Acts of Service, Part 2 ~ Take Care of my Sheep

It’s Spring Break—a time when many families head off to sunny climates and fun-filled adventures.  With less than three months before I travel to Spain, I am staying put and working toward that goal.  But I have very vivid memories of my Spring Break trip last year.

It wasn’t exactly a fun-filled adventure. Yet it was an important next step on my journey to healing in my family relationships.

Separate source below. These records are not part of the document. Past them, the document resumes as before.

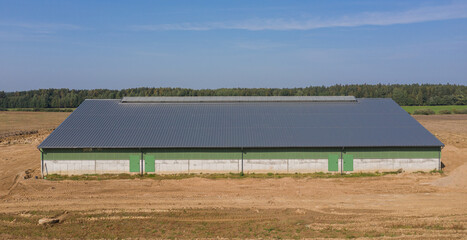 Fototapeta premium Large Green Agricultural Farm Warehouse Building on a Farm in the Countryside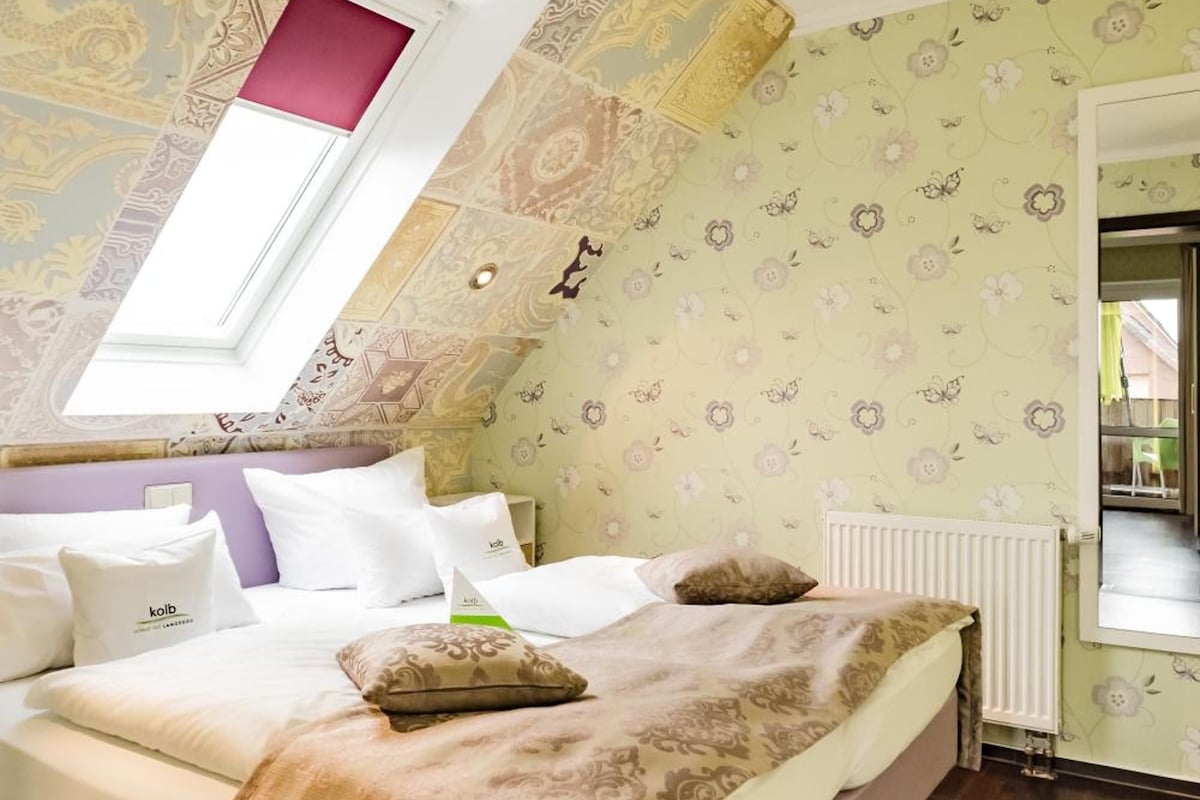 Un dormitorio con techo inclinado, tragaluz, cama con ropa blanca y estampado de papel tapiz floral.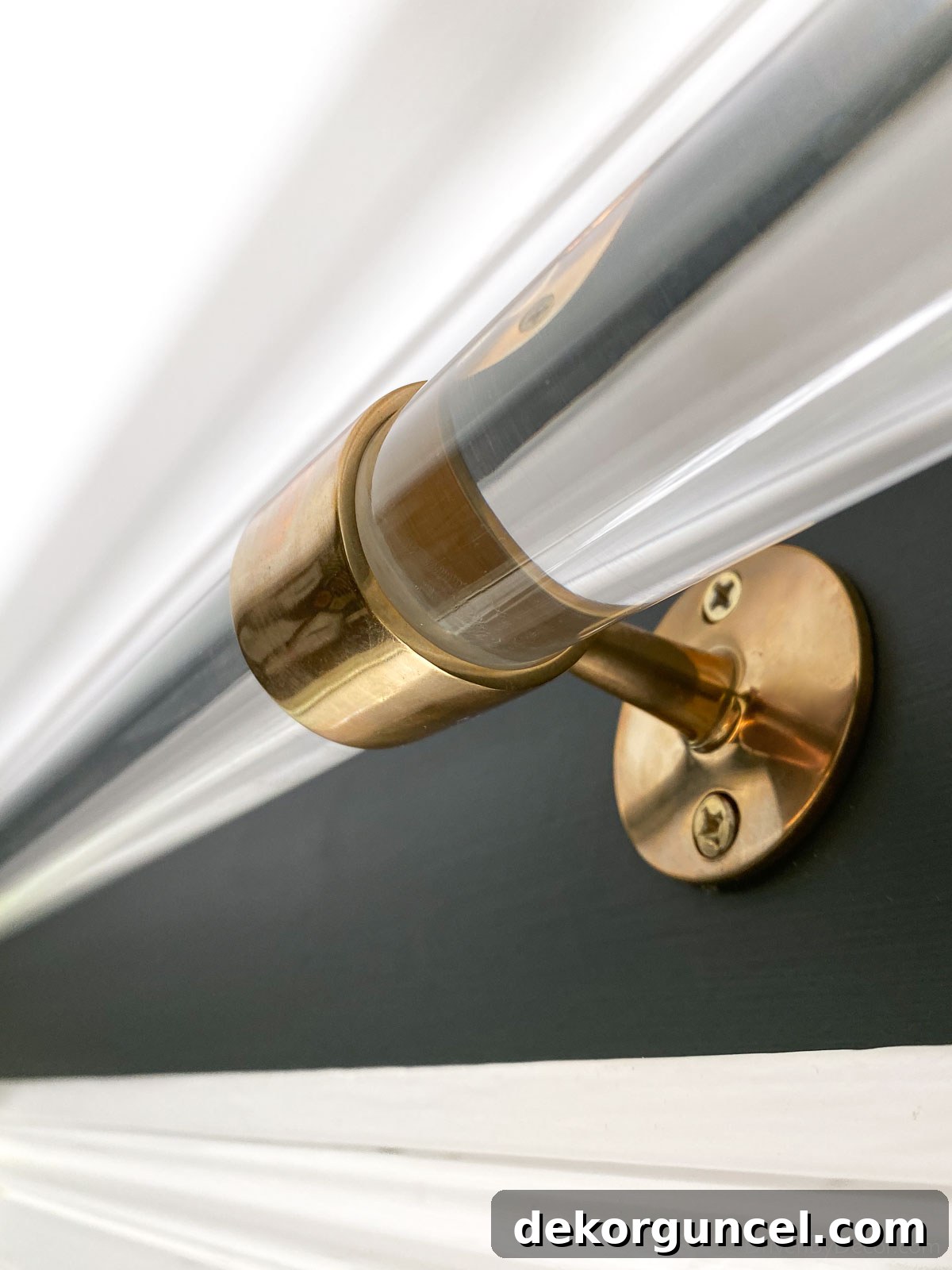 Polished brass bracket for acrylic rod
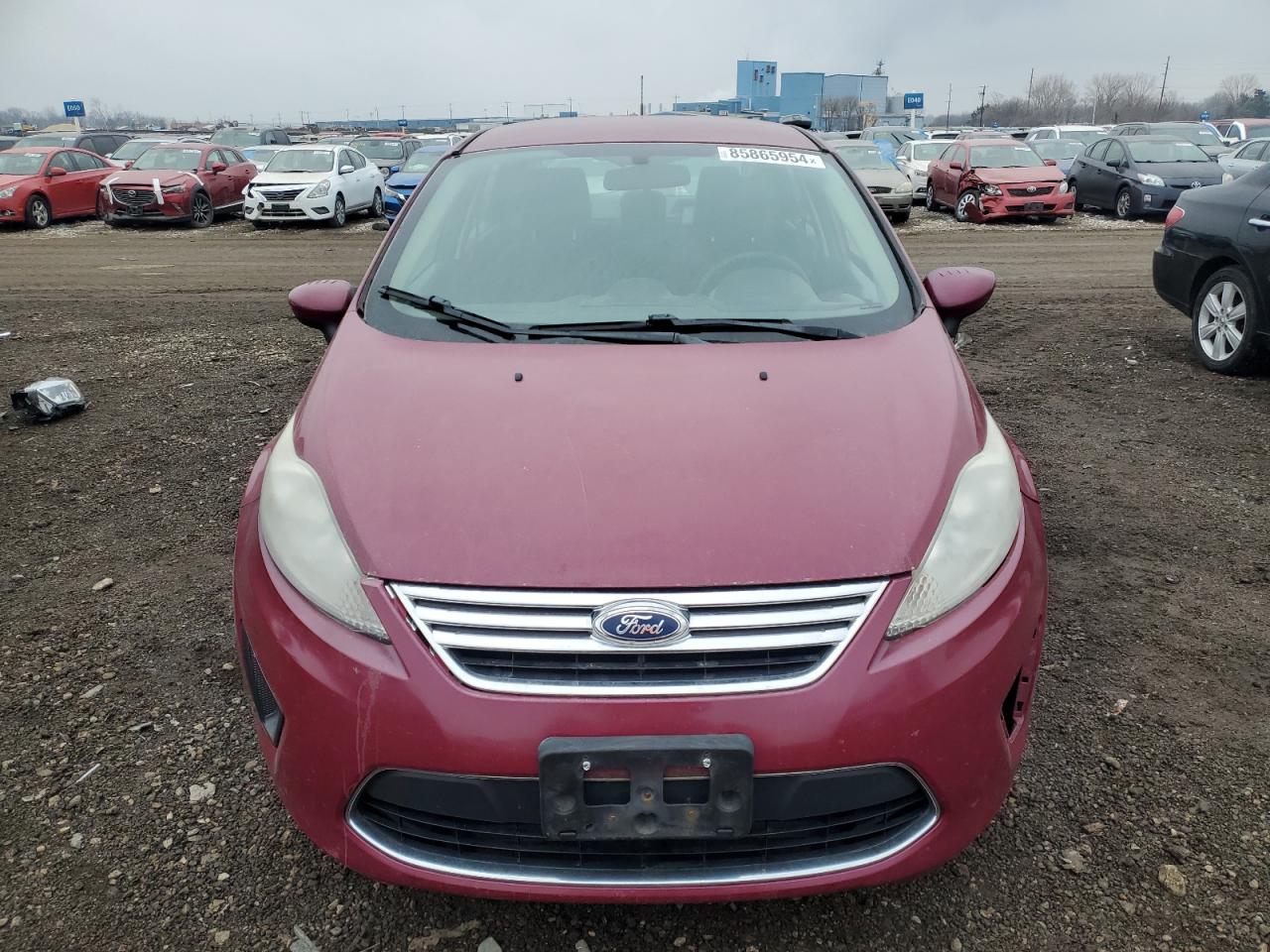 2011 Ford Fiesta VIN 3FADP4BJ7BM226147 Copart auction photo, all over damage thumbnail 5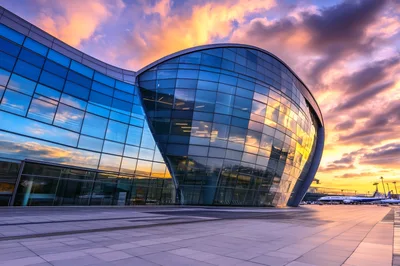 Modern Glass Airport Terminal Building At Sunset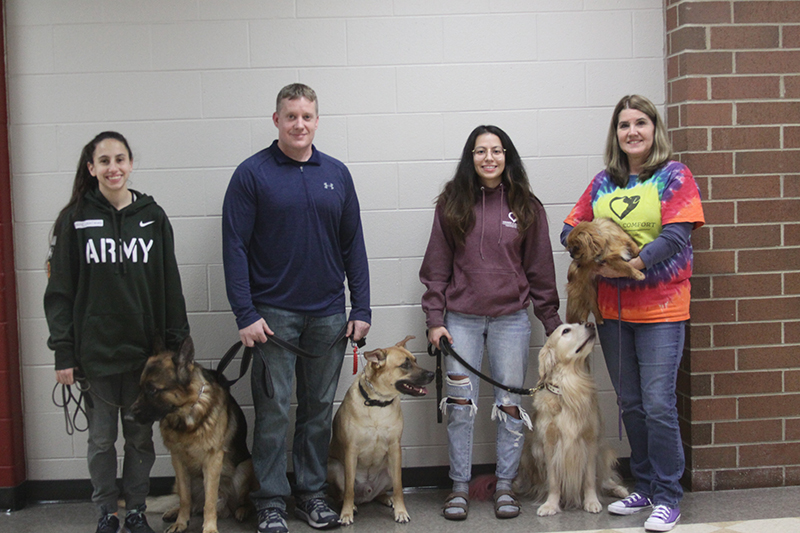 Canines 4 Comfort brought Psychiatric Service Dogs to the Huntley District 158 Mental Health Awareness Resources Night. From left to right: Daria Wermli, Dave Clark, Nina Tovar and Lisa Wermli.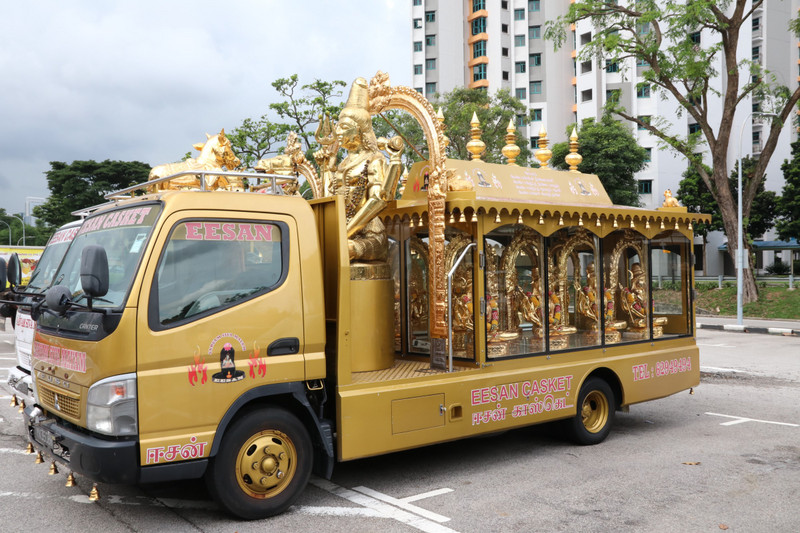 A truck laden with golden buddhas
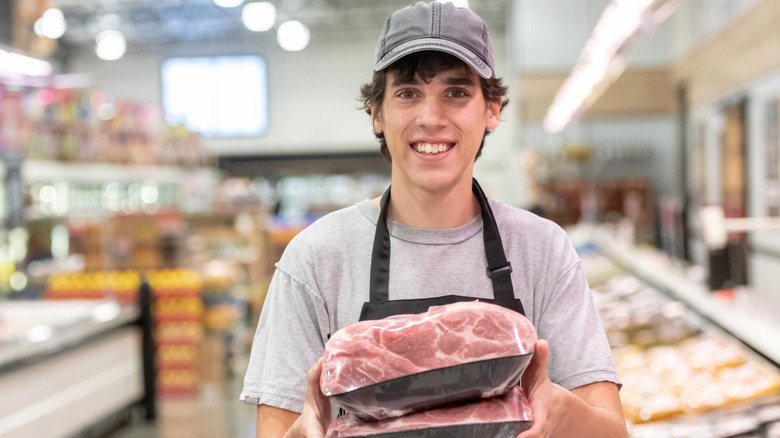 A young man at a grocery store holding packages of meat and smiling.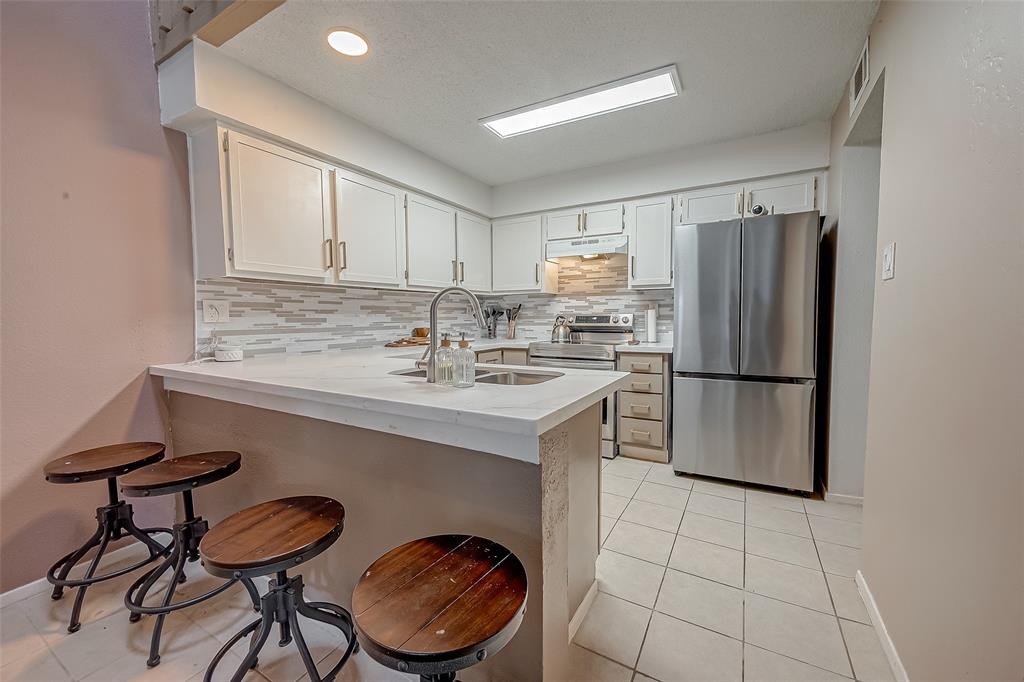 a kitchen with stainless steel appliances a sink cabinets and a refrigerator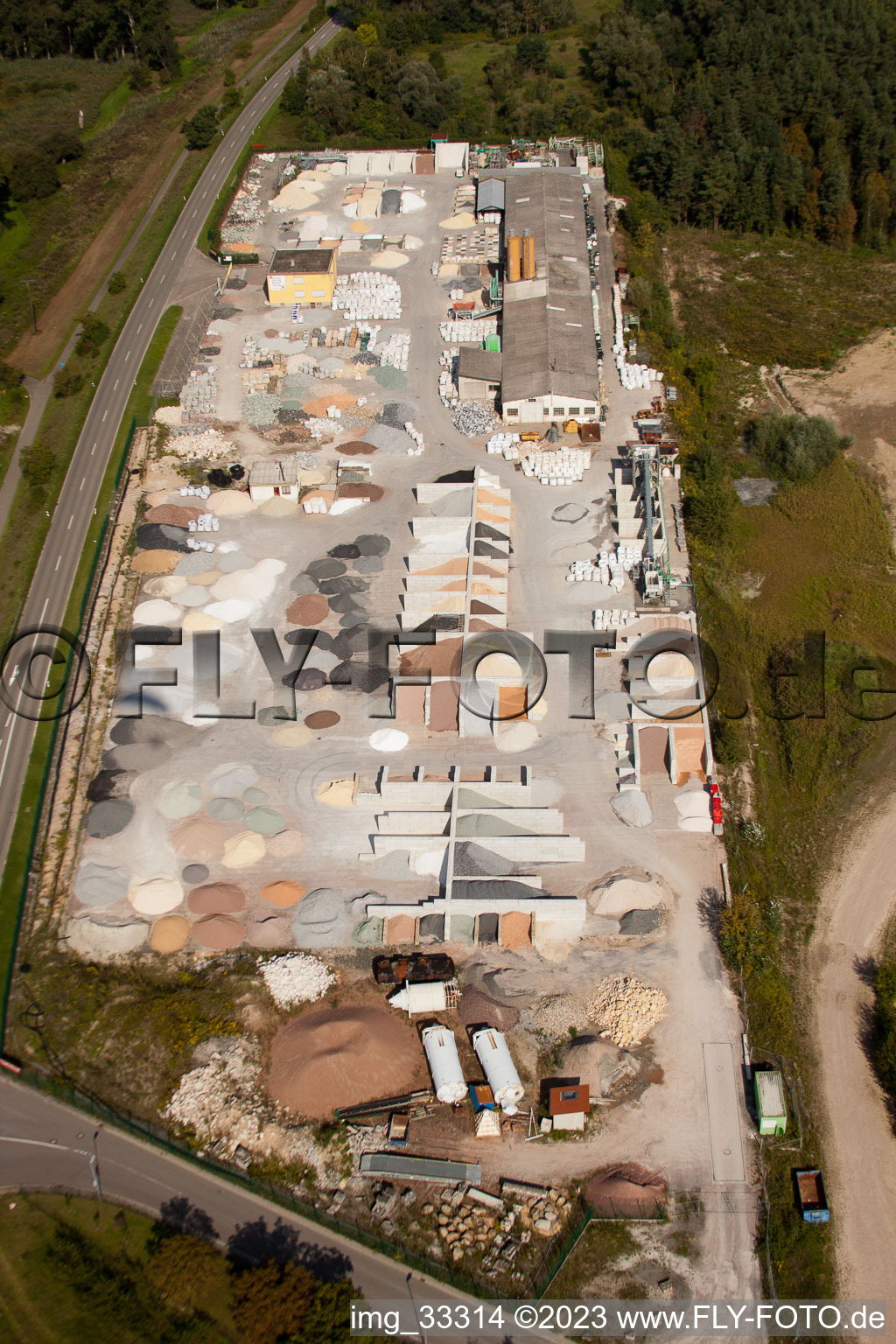 Garden gravel company, Badische Terrazzo Handelsgesellschaft mbH Huttenheimer Landstrasse 2-6 in the district Neudorf in Graben-Neudorf in the state Baden-Wuerttemberg, Germany viewn from the air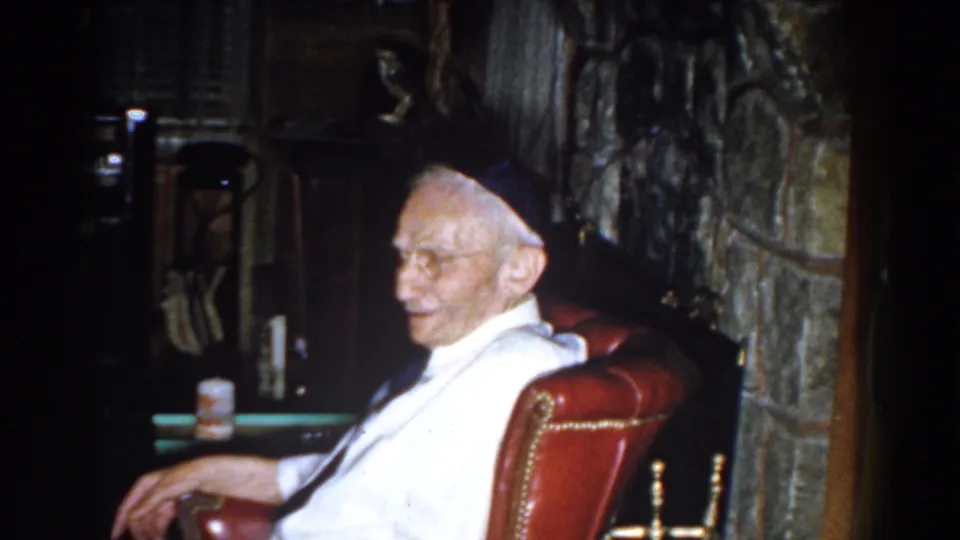 An elderly man sits in a red leather armchair near a stone fireplace inside a 1959 Michigan home.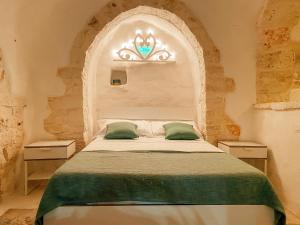 um quarto com uma cama grande e uma janela arqueada em Trullo Bianco Ostuni em Ostuni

I was away from home caring for my ailing father.  Considering what I went through with my mother, as mentioned in “Walking My Mother Home”, it felt like déjà vu.

CaregivingServing My Stepmother

My stepmother had been my father’s only caregiver the last few years and needed a break.  In recent months my father had significantly deteriorated, but they opted to keep him at home as long as possible.  Weeks shy of his 94th birthday, he spent most of his day in bed, used a walker to get around, his eyesight was waning, and his hearing was limited too.  Thankfully he was still pretty lucid though.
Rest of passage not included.